Monthly Trend

At the bottom of your generated report, a horizontal bar chart visualizes your flight activity across calendar months. The Monthly Trend chart helps you spot seasonal patterns, peak operational periods, and gaps in your flying schedule.

How to Read the Chart

Each horizontal bar represents one calendar month and displays:

  • Bar width — Proportional to the number of flights in that month. The month with the most flights gets the longest bar; all other bars scale relative to it.
  • Month label — Displayed at the left of each bar (e.g., "January 2025", "Feb 2025").
  • Flight count — A numeric label inside or beside the bar showing the exact count (e.g., "12 flights").

Data Coverage

The monthly trend chart only shows months that contain at least one matching flight. Empty months are omitted from the display. For example, if you filter for "BLOS flights" but had no BLOS operations in March 2025, March will not appear on the chart.

Combine with Date Range Filter

To zoom into a specific time period, use the Date Range filter before generating your report. This lets you narrow the chart to a particular quarter, season, or custom date range:

  • Set Start Date = January 1, 2025 and End Date = March 31, 2025 to see a Q1 trend.
  • Narrow to a single month (Start = Jan 15, End = Jan 31) to see daily granularity would require exporting to CSV; the monthly chart aggregates by calendar month regardless.

Using Trends for Planning

The monthly trend chart is useful for several operational insights:

  • Maintenance scheduling — Identify high-activity months and schedule maintenance during lower-activity periods.
  • Resource allocation — Adjust pilot or UAV availability based on predicted busier months.
  • Compliance audits — Verify that flight activity aligns with expected operational tempo for your organization.
  • Business planning — Use historical trends to forecast demand and budget needs for the next fiscal year.

Example Interpretation

Suppose your monthly trend shows:

  • January: 8 flights
  • February: 12 flights (longest bar)
  • March: 5 flights
  • April: 9 flights

This pattern suggests February was your highest-activity month. You might investigate why (weather, seasonal demand, special project) and compare to the same months in the previous year to identify recurring trends.

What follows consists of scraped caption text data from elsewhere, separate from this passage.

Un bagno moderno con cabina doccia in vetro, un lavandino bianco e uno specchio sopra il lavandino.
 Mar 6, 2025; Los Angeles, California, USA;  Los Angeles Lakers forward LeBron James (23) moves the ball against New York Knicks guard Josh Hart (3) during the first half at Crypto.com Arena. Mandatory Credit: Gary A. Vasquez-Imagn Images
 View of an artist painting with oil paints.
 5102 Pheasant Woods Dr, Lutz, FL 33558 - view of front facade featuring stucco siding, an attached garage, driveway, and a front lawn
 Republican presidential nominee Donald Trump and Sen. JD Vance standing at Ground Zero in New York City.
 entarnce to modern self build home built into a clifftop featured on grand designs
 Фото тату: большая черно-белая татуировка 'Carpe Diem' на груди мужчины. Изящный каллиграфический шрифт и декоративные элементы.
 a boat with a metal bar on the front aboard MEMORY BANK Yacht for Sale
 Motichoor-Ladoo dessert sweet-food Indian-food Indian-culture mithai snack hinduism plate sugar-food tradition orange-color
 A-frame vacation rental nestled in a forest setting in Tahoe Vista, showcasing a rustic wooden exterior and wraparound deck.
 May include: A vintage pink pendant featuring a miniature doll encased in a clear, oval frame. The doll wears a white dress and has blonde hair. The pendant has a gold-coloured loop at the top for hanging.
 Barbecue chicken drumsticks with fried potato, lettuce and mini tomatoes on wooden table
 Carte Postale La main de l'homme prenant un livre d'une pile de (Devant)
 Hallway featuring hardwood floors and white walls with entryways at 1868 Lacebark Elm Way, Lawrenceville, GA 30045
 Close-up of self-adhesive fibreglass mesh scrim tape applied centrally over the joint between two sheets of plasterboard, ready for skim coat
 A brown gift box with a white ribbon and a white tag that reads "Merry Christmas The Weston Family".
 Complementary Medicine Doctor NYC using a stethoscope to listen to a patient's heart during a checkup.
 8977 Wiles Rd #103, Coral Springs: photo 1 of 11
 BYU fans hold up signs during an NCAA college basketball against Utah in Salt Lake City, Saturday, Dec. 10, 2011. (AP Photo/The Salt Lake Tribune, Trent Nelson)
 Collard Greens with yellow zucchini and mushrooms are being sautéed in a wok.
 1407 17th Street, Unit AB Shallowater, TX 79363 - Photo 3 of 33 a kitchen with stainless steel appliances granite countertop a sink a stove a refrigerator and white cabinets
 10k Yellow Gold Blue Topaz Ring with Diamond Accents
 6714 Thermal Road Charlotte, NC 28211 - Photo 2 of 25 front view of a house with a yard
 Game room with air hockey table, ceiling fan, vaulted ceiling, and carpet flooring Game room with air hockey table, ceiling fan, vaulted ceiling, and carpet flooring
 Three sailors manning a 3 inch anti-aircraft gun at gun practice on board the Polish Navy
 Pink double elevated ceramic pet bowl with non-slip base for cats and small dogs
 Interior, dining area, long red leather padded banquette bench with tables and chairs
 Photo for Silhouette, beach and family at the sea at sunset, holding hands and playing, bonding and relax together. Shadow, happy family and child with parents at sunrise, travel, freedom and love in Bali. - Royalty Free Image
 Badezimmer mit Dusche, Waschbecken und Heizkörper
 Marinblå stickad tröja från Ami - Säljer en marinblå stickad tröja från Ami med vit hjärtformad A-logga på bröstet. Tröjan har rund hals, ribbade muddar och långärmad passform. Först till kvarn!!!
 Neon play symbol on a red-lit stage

Note: The monthly trend is based on flight start date, not landing date. A flight that starts on January 31 at 23:55 and lands February 1 at 00:10 will appear in the January bar.

Limitations

The monthly trend chart uses calendar months (1st – last day) as its grouping unit. If you need:

  • Daily granularity — Export to CSV and analyze in a spreadsheet or data tool.
  • Weekly breakdown — Export to CSV and create your own pivot table.
  • Fiscal-year grouping — Export to CSV and manually segment by your fiscal period.